Fixing OpenZeppelin’s $40 Million Mistake
Over the last few years OpenZeppelin have established themselves as the go-to destination for pre-made smart contracts. If you need to do something that’s been done before, chances are OpenZeppelin has you covered.
In the Eth-dev space this is an appealing offer, since a small mistake that makes it to production can have catastrophic results. Plus they’re probably the biggest-impact open-source project in the multi-billion dollar Ethereum ecosystem besides Ethereum itself so it’s pretty tempting to just assume their stuff works and roll with it.
I’ll admit I’ve made pretty extensive use of their MerkleProof
library without once bothering to check under the hood, so I’m as guilty of this as anyone else.
In isolation this kind of behaviour isn’t a big deal. If the space were truly decentralised then any mistakes would (in theory) be fairly isolated and come out in the wash. But reality tends not to pay too much attention to maximalist Tweet threads, so natural forces tend towards centralisation (see Coinbase, Etherscan, MetaMask, OpenSea as a few examples). Specifically in this case, OpenZeppelin like selling themselves as ‘the standard for secure blockchain applications’*, a title which largely goes unquestioned.
*Source: https://www.openzeppelin.com/
Ethereum and Gas
Before we get to the juicy part that explains the click-baity title of this article, we need to touch on Gas. Anyone with any experience with Ethereum is aware of this beast. To less-technical users, it’s that random number Metamask somehow chooses and determines how expensive your transaction is going to be. But to the buidlers in the space, it’s a white whale lurking behind every line of smart contract code.

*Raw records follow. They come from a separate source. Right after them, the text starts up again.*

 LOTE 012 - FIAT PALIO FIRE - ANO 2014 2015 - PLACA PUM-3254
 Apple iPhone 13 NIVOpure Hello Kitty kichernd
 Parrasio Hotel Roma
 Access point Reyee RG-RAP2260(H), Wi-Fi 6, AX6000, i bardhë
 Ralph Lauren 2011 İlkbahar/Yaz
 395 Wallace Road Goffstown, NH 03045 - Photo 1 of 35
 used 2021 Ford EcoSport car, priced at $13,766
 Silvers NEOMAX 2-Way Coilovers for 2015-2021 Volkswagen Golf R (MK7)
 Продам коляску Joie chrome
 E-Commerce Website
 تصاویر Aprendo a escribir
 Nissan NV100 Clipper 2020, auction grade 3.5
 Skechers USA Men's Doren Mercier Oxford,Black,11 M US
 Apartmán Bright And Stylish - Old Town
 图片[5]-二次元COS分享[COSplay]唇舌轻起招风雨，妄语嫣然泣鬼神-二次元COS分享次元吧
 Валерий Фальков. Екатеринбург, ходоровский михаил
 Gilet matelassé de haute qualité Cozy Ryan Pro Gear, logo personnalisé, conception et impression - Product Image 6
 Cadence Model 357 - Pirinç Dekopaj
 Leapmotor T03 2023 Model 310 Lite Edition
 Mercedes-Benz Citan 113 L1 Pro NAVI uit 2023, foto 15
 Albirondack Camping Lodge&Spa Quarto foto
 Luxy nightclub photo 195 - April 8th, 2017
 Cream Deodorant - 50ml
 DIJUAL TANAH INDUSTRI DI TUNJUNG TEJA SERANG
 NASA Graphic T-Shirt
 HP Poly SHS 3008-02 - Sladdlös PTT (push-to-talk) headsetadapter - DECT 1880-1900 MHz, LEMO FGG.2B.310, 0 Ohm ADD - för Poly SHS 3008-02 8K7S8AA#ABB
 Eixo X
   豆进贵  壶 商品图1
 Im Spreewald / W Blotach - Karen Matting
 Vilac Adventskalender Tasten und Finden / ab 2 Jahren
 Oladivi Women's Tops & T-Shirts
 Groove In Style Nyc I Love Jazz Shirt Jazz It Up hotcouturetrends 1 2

Skip to the petrol bowser emoji ⛽ if you already know how Gas works on Ethereum.
Without going too much into the nitty gritty, every operation a transaction does costs a specific amount of Gas. This cost is deterministic and based purely on the computational requirements of the specific transaction. The amount you actually pay is this number multiplied by however much you’re willing to pay for a unit of gas.
A pretty-decent analogy would be if you wanted to drive from your house to your friend’s house. In this analogy, you always drive the exact same route to visit your friend, and traffic conditions are always identical. You can calculate how much petrol it will take your car to get to the end of your street, then how much petrol it will take going around the roundabout, how much it will take getting to the next corner… etc.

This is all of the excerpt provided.